__WHAT YOU SHOULD DO__:
Please repeat, exactly as written, the line containing "Used Toyota Aygo" and every line after it through the end of the records below, leaving out any pictures.

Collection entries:

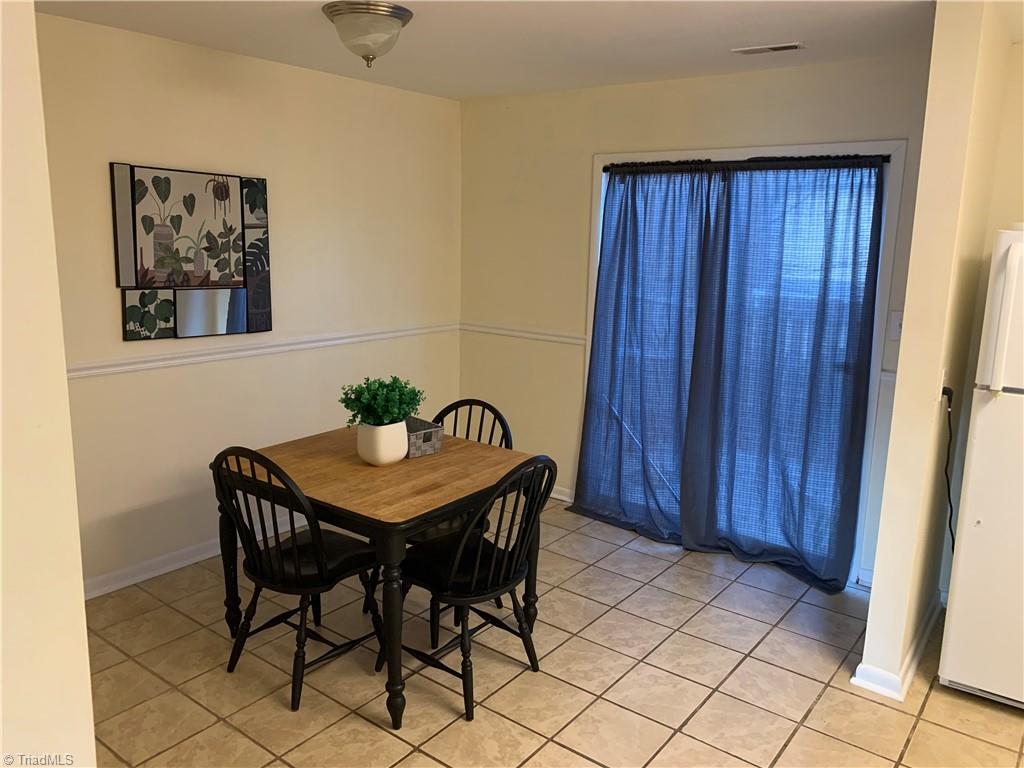 5737 Bramblegate Road, Unit J Greensboro, NC 27409 - Photo 6 of 18 Gallery Image 6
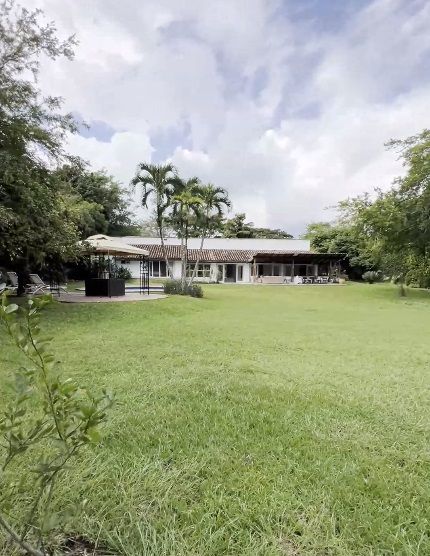 Casa en arriendo Valle Del Cauca Cali Parcelaciones Pance 1000 m2 Habitaciones 5 Baños 6 Garajes 4 Precio $11000000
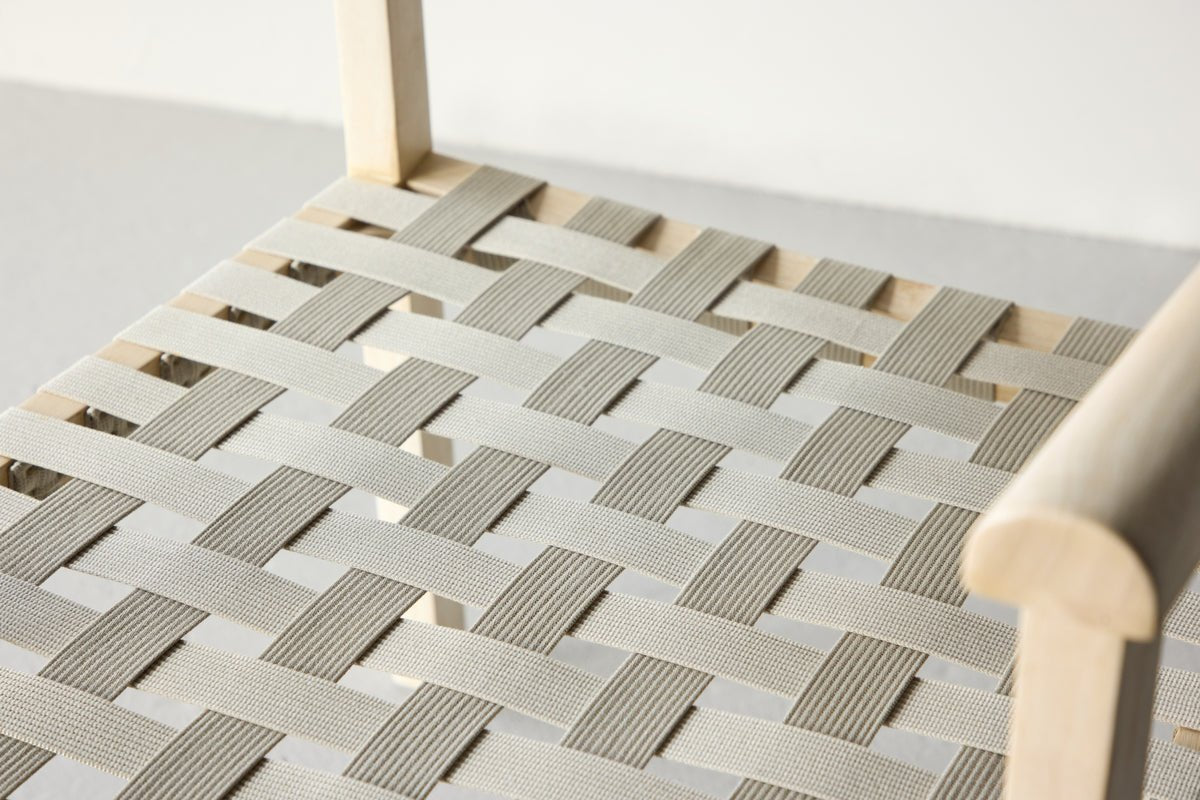 Sëtzléng Olympia - aus Mangoholz a Polyester a Naturfaarf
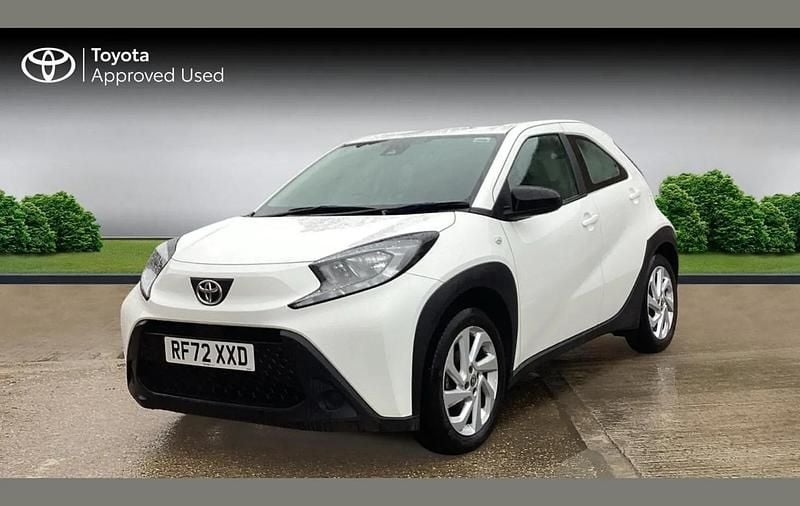 Used Toyota Aygo X PURE 72 HP (52 kW) 2023 Pure white SUV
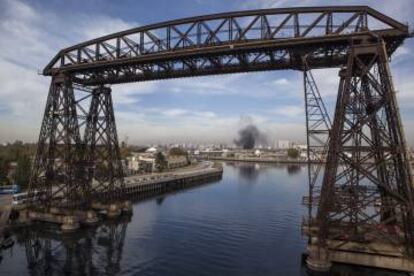 El puente transbordador Nicolás Avellaneda, uno de los 8 que quedan en el mundo.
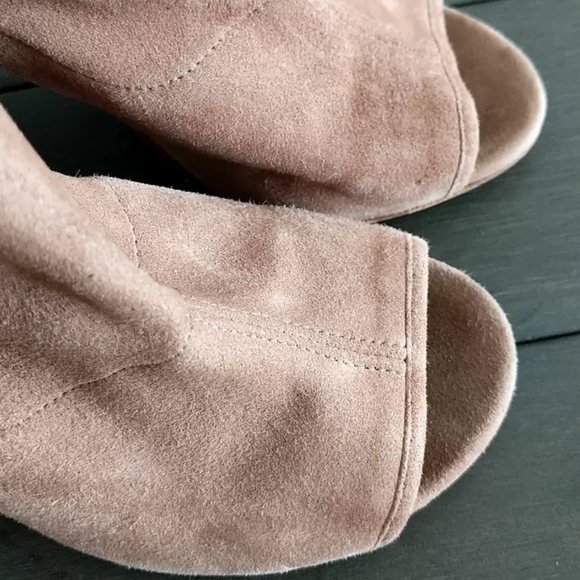 STUART WEITZMAN Peep Toe Ankle Heeled Boots - Picture 5 of 17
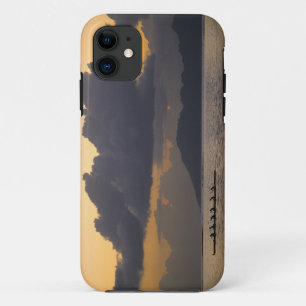 Ein Auslegerkanu-Team übt vor der Küste Case-Mate iPhone Hülle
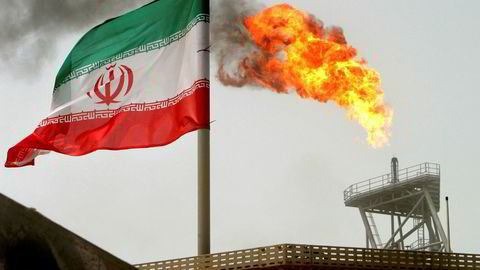 Flammer skyter opp fra en oljeproduksjonsplattform i Soroush-oljefeltet i Iran.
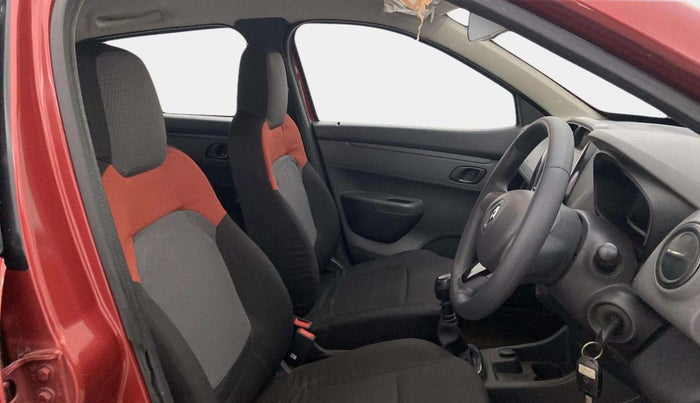 2016 Renault Kwid RXT 0.8, Petrol, Manual, 56,558 km, Right Side Front Door Cabin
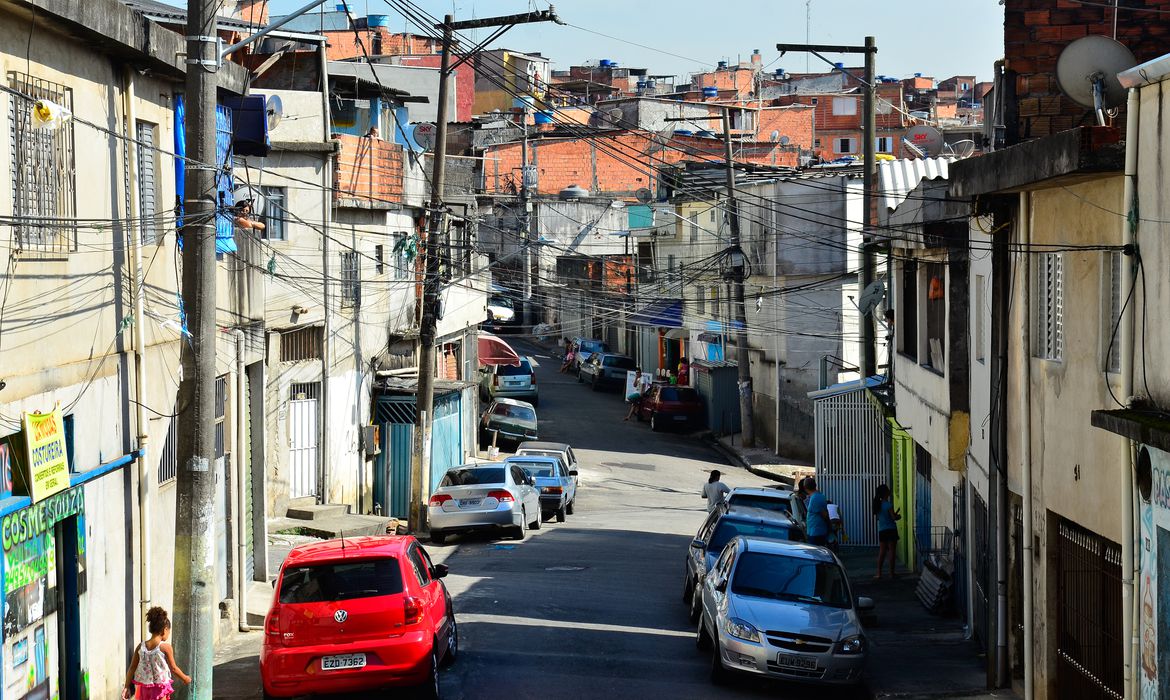 Comunidade no Rio de Janeiro: moradores tiveram redução da renda (Foto: Rovena Rosa / Agência Brasil)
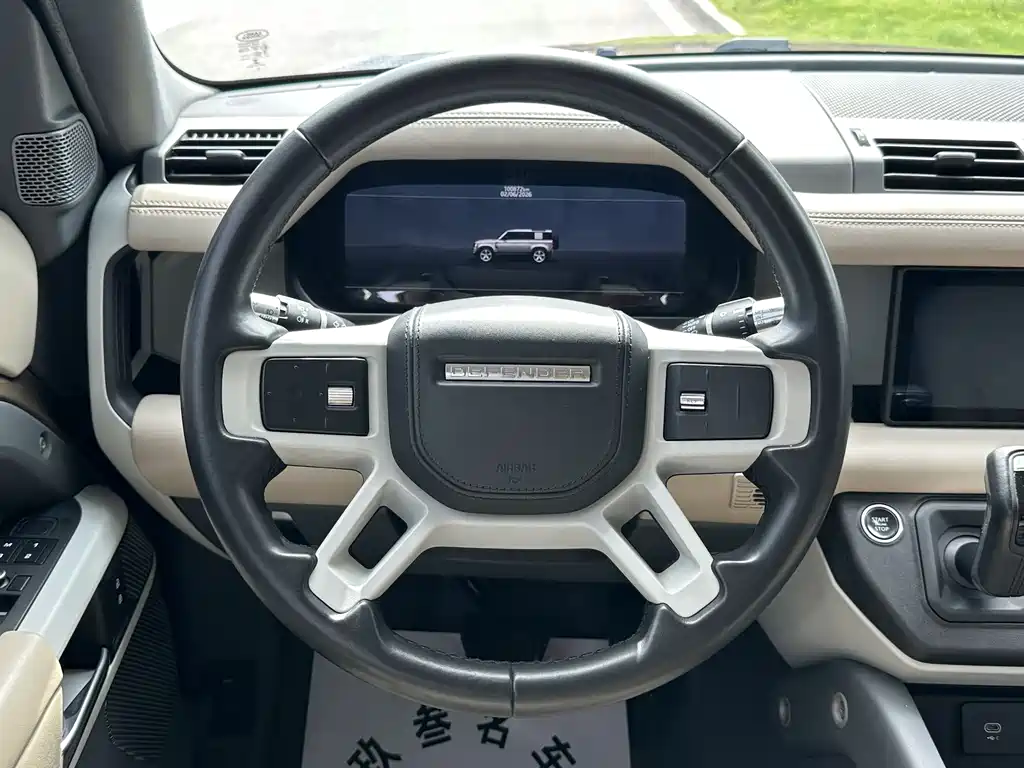 Land Rover Defender 2021 — фото 15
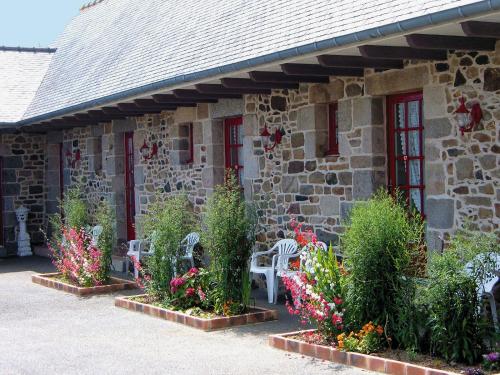 Afbeelding uit fotogalerij van Hôtel Les Voisins Beaucemaine in Ploufragan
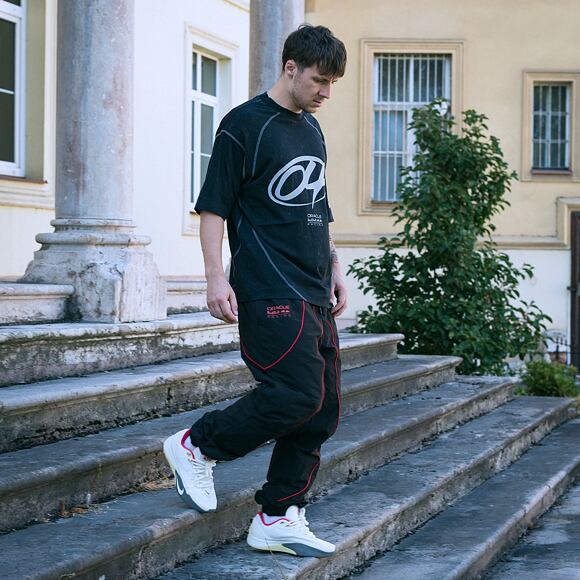 T-Shirt New Era - F1 Drop Shoulder Tee - RED BULL F1 - Black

__EXPECTED ANSWER__:
 Used Toyota Aygo X PURE 72 HP (52 kW) 2023 Pure white SUV
 El puente transbordador Nicolás Avellaneda, uno de los 8 que quedan en el mundo.
 STUART WEITZMAN Peep Toe Ankle Heeled Boots - Picture 5 of 17
 Ein Auslegerkanu-Team übt vor der Küste Case-Mate iPhone Hülle
 Flammer skyter opp fra en oljeproduksjonsplattform i Soroush-oljefeltet i Iran.
 2016 Renault Kwid RXT 0.8, Petrol, Manual, 56,558 km, Right Side Front Door Cabin
 Comunidade no Rio de Janeiro: moradores tiveram redução da renda (Foto: Rovena Rosa / Agência Brasil)
 Land Rover Defender 2021 — фото 15
 Afbeelding uit fotogalerij van Hôtel Les Voisins Beaucemaine in Ploufragan
 T-Shirt New Era - F1 Drop Shoulder Tee - RED BULL F1 - Black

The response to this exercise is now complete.